I had a babysitter growing up that was convinced she was Michelangelo in a past life.  Not the ninja turtle mind you, but his namesake.  She was old enough to be my grandmother.  When one is nine-grandmothers are a source of all things factual, so naturally I believed her.

With some encouragement on her part and the use of a ouija board, I quickly decided that I too-had been someone famous (determined through the scientific method of me asking the board-and her pushing the plastic piece to yes).  Of course, I didn’t really understand the process of determining ones prior famous self-so I figured it would be best to do some investigating before settling into an identity.  I just knew I desperately wanted to have been someone as cool as Michelangelo.

I had limited resources on exploring historical figures, so I was left to research through my father’s considerable collection of history books.  All lined neatly in our living room bookcase, I spent hours picking out the best one.  I was convinced that my former identity would drop clues for me, so that I could figure out this great mystery.

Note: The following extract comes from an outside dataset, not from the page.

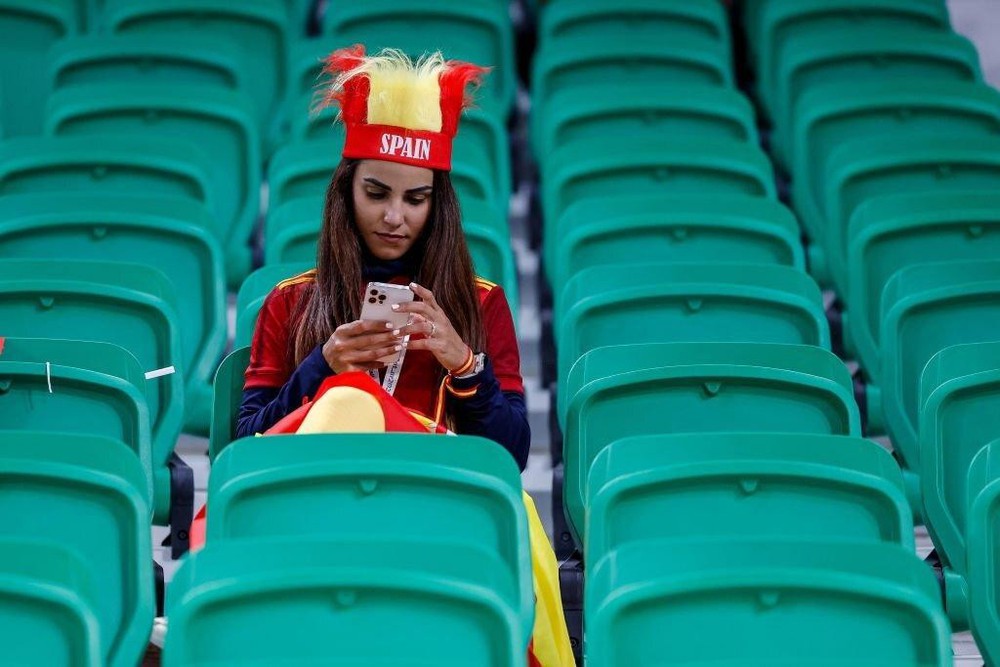 Quên lối về trước nhan sắc dàn CĐV nữ Tây Ban Nha tại World Cup 2022 - Ảnh 12.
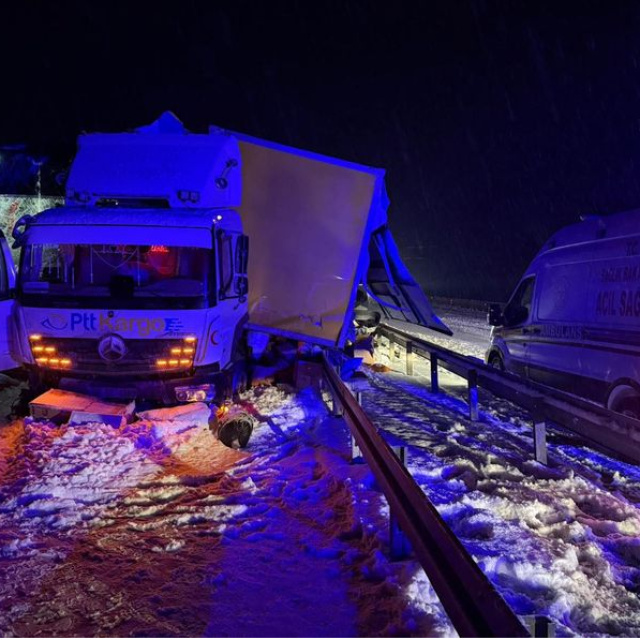 Kars'ta kaza! 9 yaralı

So with great concentration, I closed my eyes, ran my finger along the spines of books, counted to thirty-three, and stopped as the last whisper of the number left my freckled face.

And that, ladies and gentlemen is how I convinced myself from ages nine to eleven that in my past life-I was Leonardo DaVinci.

Ok, so I definitely knew where that book was, and I definitely wanted to be a ninja turtle like my babysitter-but I also collected evidence to support the cause:

1. He invented things.  Just earlier that year I had ‘invented’ a real-faucet in my fort by pouring a pitcher of water into one end of an old pipe, so that it came out the other (genius, I know).

2.  He painted (obviously).  I painted, and drew  A LOT.  All the time, and I knew I wanted to be a cartoonist-and I read in my dad’s books that the painters made CARTOONS before they painted.  Bang-on.

3.  He was Italian.  Lasagna was my all-time favorite food (ok, maybe inspired by Garfield, but I still loved it!).

Three being my favorite number, I knew I didn’t need any more proof than the aforementioned points.

The dream was eventually crushed when I whispered this to a boy I had a crush on.  We were sitting on the playground swings, I leaned over to tell him my secret, and he pushed me away, ran to his friends and told everyone I thought I was a ninja turtle.

Ultimately traumatic in the arena of playground etiquette.

Considering that boy impregnated a girl at 16, I’d say the reptilian repellant worked to my favor.